Keputusan yang berat, karena iklim sungguh sangat menyenangkan di Abu Dhabi. Tapi keputusan pulang ke Indonesia sudah bulat. September 2011 saya kembali ke tanah air yang “batu dan kayu jadi tanaman”. Dan keputusan pulang itu tidak pernah saya sesali.
Di Indonesia, selama hampir 2 tahun saya puas bercengkerama dengan ibu. Bercanda, menggodanya, tertawa bersama. Enam bulan terakhir memang beliau tidak dapat berjalan. Dan ingatan sudah sangat menyurut. Beliau tidak kenal cucu-cucu, bahkan anak sendiri. Saya satu-satunya orang yang masih dikenal baik oleh beliau. Bahkan kakak saya yang tinggal serumah dengan ibu tidak dikenal lagi. Tiap kali kakak mendekat selalu ditanya ibu: “Kamu siapa?”. Tapi tiap kali saya datang, beliau bisa menyebutkan nama saya dengan benar. Saya sangat bangga dengan itu.
Ketika beliau sudah mulai sukar mengucapkan kata-kata, ada satu kalimat panjang yang tetap bisa diucapkan beliau. Yaitu ketika saya berpamitan pulang dan mengucapkan salam, beliau secara lengkap menjawab: “Wa alaikum salam wa rahmatullahi wa barakatuh”. Itu kalimat terpanjang yang bisa diucapkan beliau hingga akhir hayat.
****
Saya biasa ke rumah kakak untuk menengok ibu di hari Ahad. Di hari Ahad itu kami sekeluarga sudah berencana ke sana di sore hari. Tapi takdir berkehendak lain, Allah swt telah memanggil ibu sebelum saya ke sana. Dengan sakaratul maut yang singkat. Dengan tidak merepotkan keluarga ataupun rumah sakit. Bahkan dokter pun tak sempat dipanggil.

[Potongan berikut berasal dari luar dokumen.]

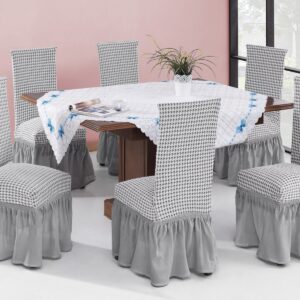 Beauty Home Ελαστικά καλύμματα καρέκλας σετ 6τμχ Art 8601 Εκρού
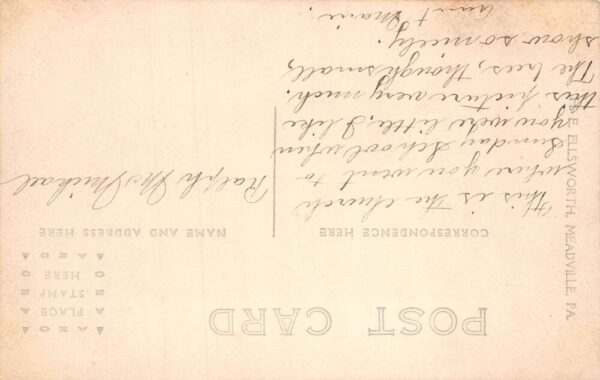 Geneva Pennsylvania ME Church Real Photo Vintage Postcard AA64230 - Image 2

Semoga diampuni dosa-dosanya, dinaikkan derajatnya, dihindarkan dari siksa kubur dan siksa neraka, ditempatkan di sisiNya di surga kelak. Amin.
****
Sebulan sebelum meninggal, ibu sukar BAB (buang air besar). Sampai perut beliau menggembung dan keras. Oleh keponakan yang dokter, ibu diberi obat. Dua hari kemudian beliau bisa BAB banyak sekali. Tapi berikutnya setelah obat dihentikan, BAB sukar lagi. Demikian terus.
Tapi tiga hari sebelum meninggal, ibu dapat BAB setiap hari. Kami sangat gembira bahwa ibu telah sembuh. Tapi ketika ibu meninggal, kakak mengatakan: mungkin ibu ingin menguras isi perut tiga hari sebelumnya agar meninggal dalam keadaan bersih. Benar-benar tidak ingin merepotkan.
****
Ada lagi kejadian unik setelahnya. Ibu mempunyai tabungan yang kartu ATM-nya dipegang kakak. Ketika ibu meninggal, kakak saya tidak bisa mengambil habis uang di tabungan tersebut karena ada minimal saldo Rp 100 ribu yang tidak bisa diambil.
Setelah diambil terus, di tabungan tersisa Rp 122 ribu yang tidak bisa diambil. Pecahan terkecil di ATM adalah Rp 50 ribu. Pengambilan dengan pecahan terkecil selalu gagal karena menyebabkan saldo menjadi di bawah saldo minimum Rp 100 ribu.
Kakak menggerutu panjang pendek karena tabungan tidak bisa diambil seluruhnya. Sedang pengambilan dengan buku tabungan perlu tanda tangan ibu, yang tentu saja tidak bisa dilakukan.
Pada esok harinya, ada tas ibu yang ditemukan. Ketika dibuka-buka, di dalamnya terdapat uang Rp 122 ribu, sama jumlahnya dengan uang yang tidak bisa diambil di tabungan. Seakan-akan kami mendengar ibu mengatakan: “Mengapa ribut dengan uang segitu. Ini ibu ganti kontan”. Kami malu dengan “suara” ibu tadi …
***
Pada akhirnya, semua yang hidup akan meninggal. Kita boleh mencintai apapun, tapi kita harus ingat bahwa suatu saat kita akan berpisah dengan yang kita cintai. Selamat jalan, ibu. Kami akan selalu mengingat nilai-nilai yang selalu ditanamkan ibu yaitu menjalin silaturahim, mengumpulkan keluarga, dan senantiasa mengulurkan tangan untuk membantu sesama. Tiga nilai yang selalu didengungkan dan dipraktekkan oleh ibu. Semoga kami bisa meniru dan melestarikan nilai-nilai tersebut.
Salam kami untuk ibu, wanita yang pertama kali mengenalkan dunia kepada kami. Merawat dan tidak meminta imbalan. Memberi dan tidak mengharap dibayar kembali. Menyayangi dan tidak peduli apakah cintanya berbalas.